Gabriele Nießen ließ noch einmal das ganze Verfahren von der Idee bis heute mit den vielen Aktionen der Stadt und der enormen Bürgerbeteiligung Revue passieren. „Es war damals eine kluge Entscheidung, den Fliegerhorst dieser neuen Nutzung zu zu führen“, betonte Nießen. „Wir haben gelernt, wie toll das ist, wenn wir die Bürger befragen. So entsteht jetzt etwas, das unter aktiver Teilnahme unser aller entwickelt wurde“, meinte die Stadträtin. 80 Oldenburger hatten sich an der Werkstatt und den Innovationscamps I und II beteiligt. Die Bestandshaltung soll, soweit es geht, gesichert werden. „Das bedeutet Alleinstellungsmerkmal als historische Qualität“, sagte Nießen.

Viel Interesse fand der Bereich „Smart City – Living Lab“. Hier werden Räume geschaffen, in denen geforscht und experimentiert wird. Fördergelder sind dafür beantragt. Hermann Diercks, Vorsitzender der Arbeitsgemeinschaft Ofenerdieker Vereine, legt besonderen Wert darauf, dass zum Thema Wasser geforscht wird. Fortmann berichtet, dass in der Smart City die abgeflachten Dächer alle eine Begrünung bekommen.

Für das Publikum war auch wichtig, ob es Kindergärten geben wird und wie denn die Freizeit- und Kultureinrichtungen gefüllt werden sollen. „Wir planen heute mit rund 950 Wohneinheiten, das sind rund 2000 Menschen, die auf dem Gelände wohnen werden“, hat Nießen ausgerechnet. Sie ist überzeugt, dass viele Menschen auch aus den anderen Stadtteilen den Weg zum Fliegerhorst finden.

„Und Oldenburg wächst ständig“, beruhigt sie die Teilnehmer. Die Stadt hat als Eigentümer der Grundstücke weitgehend die Kontrolle über die Vergabe der Grundstücke. Es wird, so Nießen, auch genügend sozialverträglicher Wohnraum geschaffen.
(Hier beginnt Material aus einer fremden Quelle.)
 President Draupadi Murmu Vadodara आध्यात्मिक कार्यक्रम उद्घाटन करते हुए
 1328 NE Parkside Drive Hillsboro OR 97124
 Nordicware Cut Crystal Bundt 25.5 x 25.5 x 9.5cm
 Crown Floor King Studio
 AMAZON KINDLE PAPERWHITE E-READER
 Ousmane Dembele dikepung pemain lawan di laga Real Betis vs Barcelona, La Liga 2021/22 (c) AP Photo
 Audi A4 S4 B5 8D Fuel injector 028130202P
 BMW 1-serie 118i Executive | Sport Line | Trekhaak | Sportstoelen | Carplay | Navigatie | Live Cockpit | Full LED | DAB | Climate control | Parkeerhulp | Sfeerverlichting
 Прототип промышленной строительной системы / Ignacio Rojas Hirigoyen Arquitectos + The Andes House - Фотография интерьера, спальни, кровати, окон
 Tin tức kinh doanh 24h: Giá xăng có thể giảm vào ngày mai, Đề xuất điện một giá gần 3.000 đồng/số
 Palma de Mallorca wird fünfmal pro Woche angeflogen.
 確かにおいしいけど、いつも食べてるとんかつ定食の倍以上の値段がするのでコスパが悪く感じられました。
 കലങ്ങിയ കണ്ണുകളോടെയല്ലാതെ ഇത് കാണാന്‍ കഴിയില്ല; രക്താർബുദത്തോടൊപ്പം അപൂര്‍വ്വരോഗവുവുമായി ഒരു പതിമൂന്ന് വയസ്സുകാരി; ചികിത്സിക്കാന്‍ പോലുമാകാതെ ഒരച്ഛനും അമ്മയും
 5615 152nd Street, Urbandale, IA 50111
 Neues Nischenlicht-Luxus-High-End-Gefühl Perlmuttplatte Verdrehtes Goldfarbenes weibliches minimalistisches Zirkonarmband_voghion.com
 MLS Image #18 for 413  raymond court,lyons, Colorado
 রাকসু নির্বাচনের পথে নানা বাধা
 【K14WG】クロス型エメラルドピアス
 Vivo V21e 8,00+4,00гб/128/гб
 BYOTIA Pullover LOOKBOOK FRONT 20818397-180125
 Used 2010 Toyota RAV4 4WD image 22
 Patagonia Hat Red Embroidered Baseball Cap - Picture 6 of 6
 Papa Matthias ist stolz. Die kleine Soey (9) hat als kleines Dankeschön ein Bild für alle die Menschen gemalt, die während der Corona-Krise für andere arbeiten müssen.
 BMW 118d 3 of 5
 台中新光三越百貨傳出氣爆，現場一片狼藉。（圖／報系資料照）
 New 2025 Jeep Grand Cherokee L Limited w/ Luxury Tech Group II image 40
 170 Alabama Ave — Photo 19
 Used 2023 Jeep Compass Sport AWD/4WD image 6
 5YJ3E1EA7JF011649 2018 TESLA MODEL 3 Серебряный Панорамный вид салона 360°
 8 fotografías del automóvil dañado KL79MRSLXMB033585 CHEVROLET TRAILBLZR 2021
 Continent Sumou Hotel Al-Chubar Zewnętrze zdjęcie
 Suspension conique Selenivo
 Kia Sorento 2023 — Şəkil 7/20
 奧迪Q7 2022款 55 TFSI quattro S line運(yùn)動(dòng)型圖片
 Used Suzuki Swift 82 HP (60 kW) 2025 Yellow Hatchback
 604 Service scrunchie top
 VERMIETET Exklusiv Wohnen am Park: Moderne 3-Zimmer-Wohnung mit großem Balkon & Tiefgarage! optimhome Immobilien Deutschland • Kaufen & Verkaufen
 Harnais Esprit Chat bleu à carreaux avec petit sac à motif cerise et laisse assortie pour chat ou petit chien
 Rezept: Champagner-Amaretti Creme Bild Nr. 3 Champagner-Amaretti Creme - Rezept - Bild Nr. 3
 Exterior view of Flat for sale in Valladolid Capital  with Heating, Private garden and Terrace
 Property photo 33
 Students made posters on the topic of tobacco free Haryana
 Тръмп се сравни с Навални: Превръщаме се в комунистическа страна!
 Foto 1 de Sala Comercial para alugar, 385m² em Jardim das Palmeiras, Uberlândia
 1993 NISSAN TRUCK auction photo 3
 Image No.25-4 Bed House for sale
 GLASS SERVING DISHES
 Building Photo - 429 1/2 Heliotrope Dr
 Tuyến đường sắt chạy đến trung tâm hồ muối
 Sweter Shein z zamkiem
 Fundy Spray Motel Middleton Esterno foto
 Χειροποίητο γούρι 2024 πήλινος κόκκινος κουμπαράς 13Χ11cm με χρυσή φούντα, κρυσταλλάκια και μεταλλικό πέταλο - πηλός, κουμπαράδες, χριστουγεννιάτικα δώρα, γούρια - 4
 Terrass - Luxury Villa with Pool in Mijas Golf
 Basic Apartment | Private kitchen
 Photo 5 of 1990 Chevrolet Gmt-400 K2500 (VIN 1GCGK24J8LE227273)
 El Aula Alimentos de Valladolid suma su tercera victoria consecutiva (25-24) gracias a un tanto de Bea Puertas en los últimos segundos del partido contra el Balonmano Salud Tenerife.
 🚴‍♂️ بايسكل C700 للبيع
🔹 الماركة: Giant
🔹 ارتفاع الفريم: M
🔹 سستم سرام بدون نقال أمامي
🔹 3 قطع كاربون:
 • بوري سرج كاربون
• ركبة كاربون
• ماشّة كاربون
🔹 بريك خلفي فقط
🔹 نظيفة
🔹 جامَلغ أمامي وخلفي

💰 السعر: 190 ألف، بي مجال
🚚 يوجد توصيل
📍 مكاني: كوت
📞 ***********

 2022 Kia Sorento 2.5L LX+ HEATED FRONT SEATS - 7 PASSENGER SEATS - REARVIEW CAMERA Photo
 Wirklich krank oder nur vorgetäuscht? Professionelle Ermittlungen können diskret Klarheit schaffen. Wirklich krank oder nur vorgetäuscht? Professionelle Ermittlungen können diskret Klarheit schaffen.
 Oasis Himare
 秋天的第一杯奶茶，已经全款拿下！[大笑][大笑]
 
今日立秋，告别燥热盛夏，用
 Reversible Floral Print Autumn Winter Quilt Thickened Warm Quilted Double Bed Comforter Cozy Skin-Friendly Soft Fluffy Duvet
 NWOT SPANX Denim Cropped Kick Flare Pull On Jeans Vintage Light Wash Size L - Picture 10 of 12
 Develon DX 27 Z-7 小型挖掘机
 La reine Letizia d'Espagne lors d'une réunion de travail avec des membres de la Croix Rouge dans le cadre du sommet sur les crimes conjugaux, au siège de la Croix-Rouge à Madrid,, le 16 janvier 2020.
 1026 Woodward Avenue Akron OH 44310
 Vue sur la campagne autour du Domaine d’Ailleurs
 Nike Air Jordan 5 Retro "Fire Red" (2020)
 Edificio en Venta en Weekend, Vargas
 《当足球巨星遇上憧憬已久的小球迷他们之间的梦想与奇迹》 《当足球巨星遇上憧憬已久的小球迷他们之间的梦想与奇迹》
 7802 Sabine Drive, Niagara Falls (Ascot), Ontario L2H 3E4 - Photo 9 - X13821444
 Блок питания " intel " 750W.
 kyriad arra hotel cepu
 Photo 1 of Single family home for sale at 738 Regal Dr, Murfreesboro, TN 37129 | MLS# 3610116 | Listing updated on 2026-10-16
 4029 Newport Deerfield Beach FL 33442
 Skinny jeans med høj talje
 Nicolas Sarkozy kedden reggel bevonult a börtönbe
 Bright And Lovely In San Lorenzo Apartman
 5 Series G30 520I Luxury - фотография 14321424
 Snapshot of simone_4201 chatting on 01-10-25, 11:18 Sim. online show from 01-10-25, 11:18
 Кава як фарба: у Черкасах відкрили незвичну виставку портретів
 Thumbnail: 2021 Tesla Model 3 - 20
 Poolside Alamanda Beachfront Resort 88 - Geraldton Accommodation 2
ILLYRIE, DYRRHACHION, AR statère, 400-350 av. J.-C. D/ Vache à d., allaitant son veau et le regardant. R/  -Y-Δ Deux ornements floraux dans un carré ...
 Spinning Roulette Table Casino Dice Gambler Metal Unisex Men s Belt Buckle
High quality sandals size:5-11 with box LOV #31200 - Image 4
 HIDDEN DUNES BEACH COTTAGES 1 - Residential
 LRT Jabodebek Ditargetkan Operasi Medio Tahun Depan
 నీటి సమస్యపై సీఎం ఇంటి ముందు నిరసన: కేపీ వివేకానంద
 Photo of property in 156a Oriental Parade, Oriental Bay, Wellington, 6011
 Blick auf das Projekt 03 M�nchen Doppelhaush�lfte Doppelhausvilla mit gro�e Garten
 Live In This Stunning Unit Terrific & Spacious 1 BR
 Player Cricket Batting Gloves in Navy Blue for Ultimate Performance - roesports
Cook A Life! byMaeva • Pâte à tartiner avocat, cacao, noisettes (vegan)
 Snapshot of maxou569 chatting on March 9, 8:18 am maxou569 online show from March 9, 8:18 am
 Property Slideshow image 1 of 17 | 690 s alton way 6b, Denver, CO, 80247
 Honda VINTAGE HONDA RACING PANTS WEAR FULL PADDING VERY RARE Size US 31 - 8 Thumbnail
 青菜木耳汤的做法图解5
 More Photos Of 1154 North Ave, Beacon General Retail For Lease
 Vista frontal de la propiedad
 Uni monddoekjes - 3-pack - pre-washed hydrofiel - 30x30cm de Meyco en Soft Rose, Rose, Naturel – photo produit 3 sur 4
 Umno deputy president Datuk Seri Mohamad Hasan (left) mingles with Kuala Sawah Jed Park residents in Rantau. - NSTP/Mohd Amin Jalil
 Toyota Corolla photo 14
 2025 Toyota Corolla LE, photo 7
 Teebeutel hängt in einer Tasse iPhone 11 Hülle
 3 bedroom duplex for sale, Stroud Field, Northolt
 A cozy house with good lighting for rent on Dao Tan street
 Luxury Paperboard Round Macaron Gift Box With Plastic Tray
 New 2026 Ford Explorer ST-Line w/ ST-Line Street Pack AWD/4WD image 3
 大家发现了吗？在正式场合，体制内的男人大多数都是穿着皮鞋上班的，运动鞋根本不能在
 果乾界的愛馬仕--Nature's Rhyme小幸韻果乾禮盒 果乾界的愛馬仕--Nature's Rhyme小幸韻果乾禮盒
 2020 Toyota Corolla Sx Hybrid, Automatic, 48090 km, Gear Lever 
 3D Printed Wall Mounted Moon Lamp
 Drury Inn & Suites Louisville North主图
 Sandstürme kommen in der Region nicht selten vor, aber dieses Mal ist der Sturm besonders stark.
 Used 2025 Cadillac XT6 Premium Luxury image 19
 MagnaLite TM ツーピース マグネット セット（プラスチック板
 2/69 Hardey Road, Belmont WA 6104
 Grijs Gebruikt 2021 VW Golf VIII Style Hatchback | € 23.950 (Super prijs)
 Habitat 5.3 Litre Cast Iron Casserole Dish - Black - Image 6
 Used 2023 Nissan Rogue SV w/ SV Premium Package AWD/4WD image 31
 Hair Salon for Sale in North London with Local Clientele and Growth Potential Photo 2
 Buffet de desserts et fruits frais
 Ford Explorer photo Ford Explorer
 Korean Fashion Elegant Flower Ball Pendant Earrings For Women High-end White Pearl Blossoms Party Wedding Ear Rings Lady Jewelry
Sechs Euro Miete pro m² sind dafür maximal angesetzt.

Kein Allerlei

Ein Gestaltungshandbuch wird darüber wachen, dass kein „architektonisches Allerlei“ entsteht. Es sind keine Supermärkte geplant, sondern kleinere Einkaufseinheiten. Ob es eine neue Schule dort geben wird, ist noch nicht entschieden. „Einiges ist zu diesem Zeitpunkt noch nicht geklärt und wird sich erst in der Bauphase entscheiden“, sagte Nießen. Die bestehenden Kasernengebäude sind als Wohnraum noch gut nutzbar. Mit der VWG wird noch ein ÖPNV-Netz entwickelt.

Hans-Gerd Tabke nutzte die Veranstaltung, um über die Aktivitäten des Bürgervereins im vergangenen Jahr zu berichten und überreichte einen symbolischen Scheck in Höhe von 300 Euro an den Förderverein Freizeitstätte Ofenerdiek.